安装Hadoop的时候很重要的一点，执行如下操作的时候，都在root用户下执行

打开终端在bash中加入如下配置项，然后source下生效即可，如果是M1的电脑默认打开的是zsh，可以执行如下命令切换成bash后执行，

chsh -s /bin/bash

2.3.2、修改配置文件

新增一个目录专门用来配置存放hdfs的数据文件和一些临时文件等

进入到Hadoop配置文件的存储路径

cd $HADOOP_HOME/etc/hadoop

a）配置core-site.xml

<?xml version="1.0" encoding="UTF-8"?>
<?xml-stylesheet type="text/xsl" href="configuration.xsl"?>
<!--
  Licensed under the Apache License, Version 2.0 (the "License");
  you may not use this file except in compliance with the License.
  You may obtain a copy of the License at

    http://www.apache.org/licenses/LICENSE-2.0

  Unless required by applicable law or agreed to in writing, software
  distributed under the License is distributed on an "AS IS" BASIS,
  WITHOUT WARRANTIES OR CONDITIONS OF ANY KIND, either express or implied.
  See the License for the specific language governing permissions and
  limitations under the License.
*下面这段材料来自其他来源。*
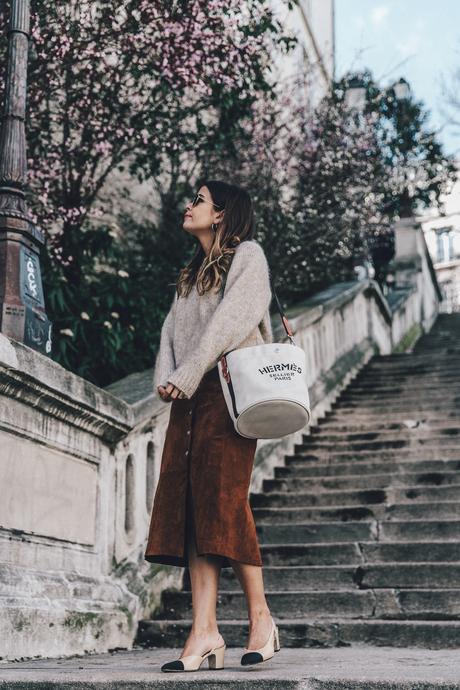 Vestiaire_Collective-Suede_Skirt-MIdi_Skirt-Hermes_Canvas_Bag-Chanel_Slingbacks-Outfit-Street_Style-37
See accompanying LICENSE file.
-->

<!-- Put site-specific property overrides in this file. -->

<configuration>

<property>
     <name>fs.defaultFS</name>
     <value>hdfs://localhost:9000</value>
</property>
<!--用来指定hadoop运行时产生文件的存放目录  自己创建-->
<property>
     <name>hadoop.tmp.dir</name>
     <value>/Users/xxx.ch/Documents/xxx-work/software/Data/hadoop/tmp</value>
</property>
<property>
     <name>fs.trash.interval</name>
     <value>1440</value>
</property>
</configuration>

b）配置hdfs-site.xml

<?xml version="1.0" encoding="UTF-8"?>
<?xml-stylesheet type="text/xsl" href="configuration.xsl"?>
<!--
  Licensed under the Apache License, Version 2.0 (the "License");
  you may not use this file except in compliance with the License.
  You may obtain a copy of the License at

    http://www.apache.org/licenses/LICENSE-2.0

  Unless required by applicable law or agreed to in writing, software
  distributed under the License is distributed on an "AS IS" BASIS,
  WITHOUT WARRANTIES OR CONDITIONS OF ANY KIND, either express or implied.
  See the License for the specific language governing permissions and
  limitations under the License. See accompanying LICENSE file.
-->

<!-- Put site-specific property overrides in this file. -->

<configuration>
<property>
     <name>dfs.replication</name>
     <value>1</value>
</property>
<!--不是root用户也可以写文件到hdfs-->
<property>
     <name>dfs.permissions</name>
     <value>false</value>    <!--关闭防火墙-->
</property>
<!-- name node 存放 name table 的目录 -->
<property>
     <name>dfs.namenode.name.dir</name>
     <value>file:/Users/xxx.ch/Documents/xxx-work/software/Data/hadoop/tmp/dfs/name</value>
</property>
<!-- data node 存放数据 block 的目录 -->
<property>
     <name>dfs.datanode.data.dir</name>
     <value>file:/Users/xxx.ch/Documents/xxx-work/software/Data/hadoop/tmp/dfs/data</value>
</property>

</configuration>

c）配置mapred-site.xml

<?xml version="1.0"?>
<?xml-stylesheet type="text/xsl" href="configuration.xsl"?>
<!--
  Licensed under the Apache License, Version 2.0 (the "License");
  you may not use this file except in compliance with the License.
  You may obtain a copy of the License at

    http://www.apache.org/licenses/LICENSE-2.0

  Unless required by applicable law or agreed to in writing, software
  distributed under the License is distributed on an "AS IS" BASIS,
  WITHOUT WARRANTIES OR CONDITIONS OF ANY KIND, either express or implied.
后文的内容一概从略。